The p.s. product is basically a mildly toned down version of the international product.

 

United Polaris Business

We’ve written about the seat and product itself and the very first routes they will operate on and the subsequent intended ones – so no need to re-elaborate here. As far as routes go, it’s simple: Newark – San Francisco 6x weekly, then from March 2017 San Francisco to Hong Kong daily.

More to come surely, but we do know that London and Tokyo will be the subsequent international destinations from UA’s various hubs in the United States except Denver.

The Polaris seat is a huge upgrade on anything United offers today.

 

United Domestic Business

This is such an odd one – because it’s only offered on a handful of routes.

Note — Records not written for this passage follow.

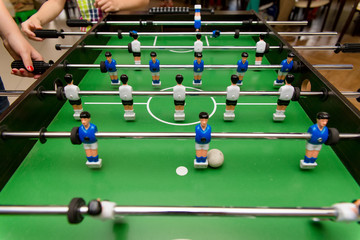 People playing in table football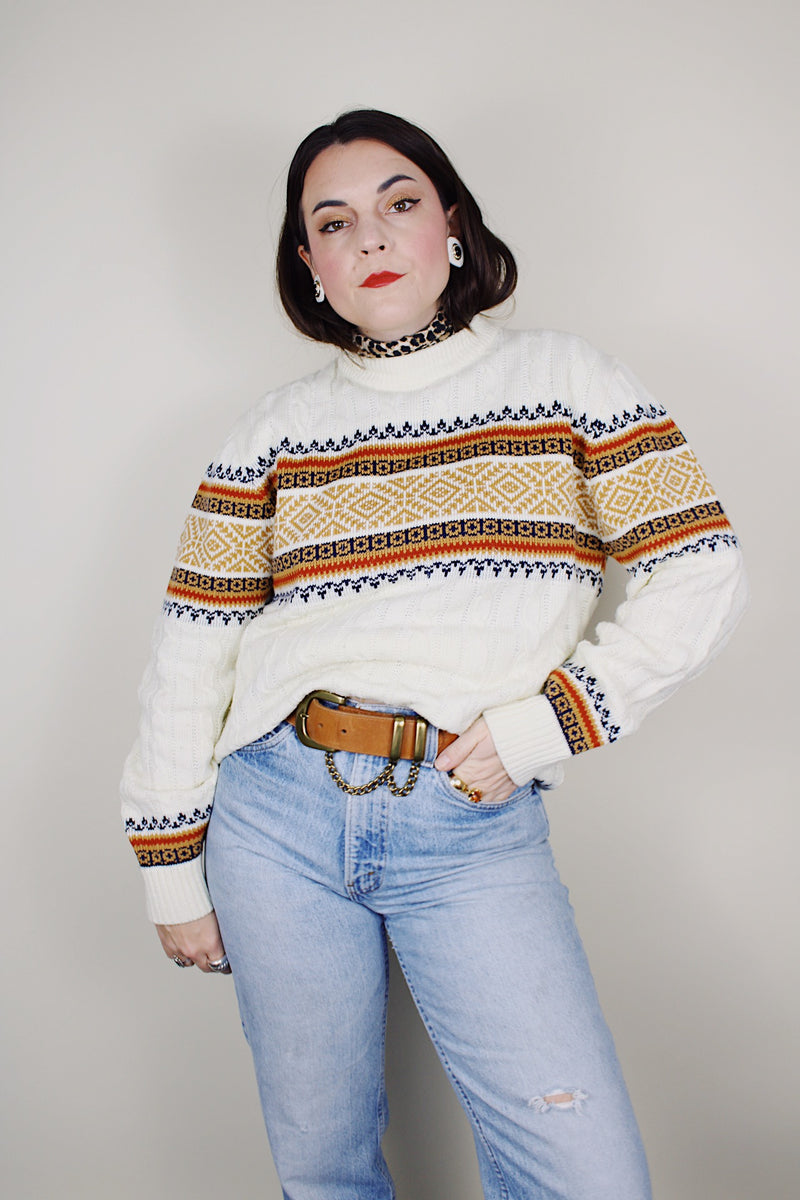  vintage 1970's JCPenney long sleeve white cable knit pullover sweater with abstract print around the chest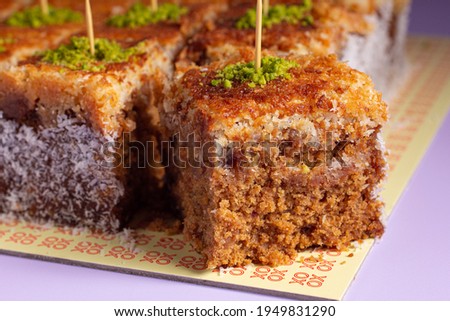 coconut date cake with pistachio in the top on purple background 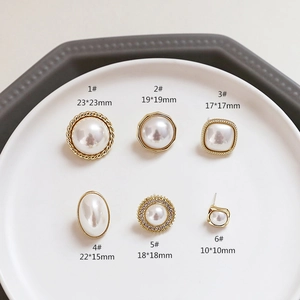 Detail view of 925 silver pearl stud earrings with gold frames in various geometric shapes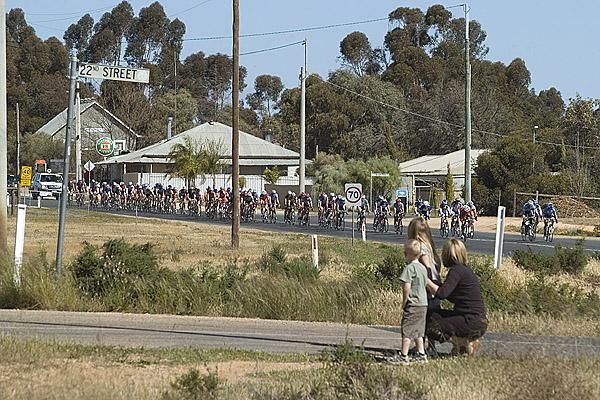 The peloton string out in pursuit of four riders who had broken away earlier on the stage.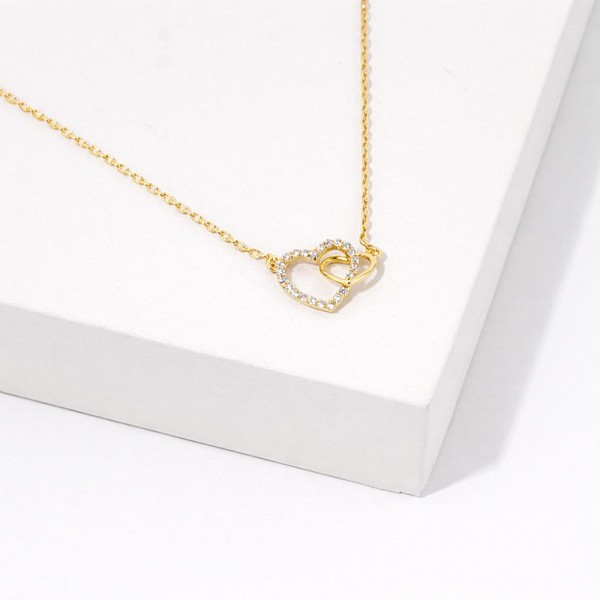 Dainty Chain Link Necklace Featuring Linked Metal Tone & Cubic Zirconia Hearts Pendant 																							
																									
- Approximately 16" L																									
- Extender 2" L																									
- Hypoallergenic Brass Base																									
- 18K Gold Dipped																									
- Card: "There's nothing stronger than a mother's love, nor more healing than the laughter and sunshine that live inside a little girl's smile."																									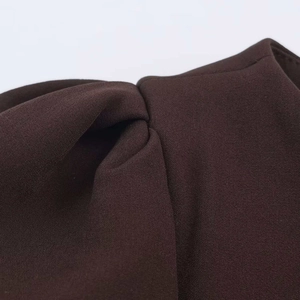 Macro detail of dark brown woven fabric showing precise pleated and knotted design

Keep in mind, this is different from domestic first class which is basically the trudge that everyone else has with recliner seats and minimal legroom and a basic as hell soft product. This one is kind of a mix of international seating (the old kind, of the spacious variety that pre-merger UA had on their previous international configuration) in a 2-3-2 layout, offered only on the 777-200. But catering and amenity wise, it’s all domestic and bare frills baby. The few routes these guys do are:

  • Denver-Honolulu
  • San Francisco-Honolulu
  • San Francisco-Kona (seasonal)
  • Chicago-Honolulu
  • Chicago-Denver
  • Honolulu-Guam

Notice a trend here? Yes these planes are cycled through these stations and are based in either Denver or San Francisco.

Final Word:

Hope this helps you at least kind of discern the type of product you’ll be able to expect on your United flight. At least the soft product in Polaris has been homogenized fleet wide – but the hard product i.e. the seat and inflight entertainment have a long way to go to provide some consistency. If we were betting people and going with the odds given that complete Polaris (by far the best overall product) is only available on two routes and currently flying on exactly zero aircraft, we’d say you’d be best served on the ex-Continental BusinessFirst product.

Now is it worth the hop over from Los Angeles to San Francisco to get on a trans-Pacific flight with this product over the old pre-merger one?

You damn sure it is!!

Now get out there and enjoy the Friendly Skies of United to wherever you’re off to next!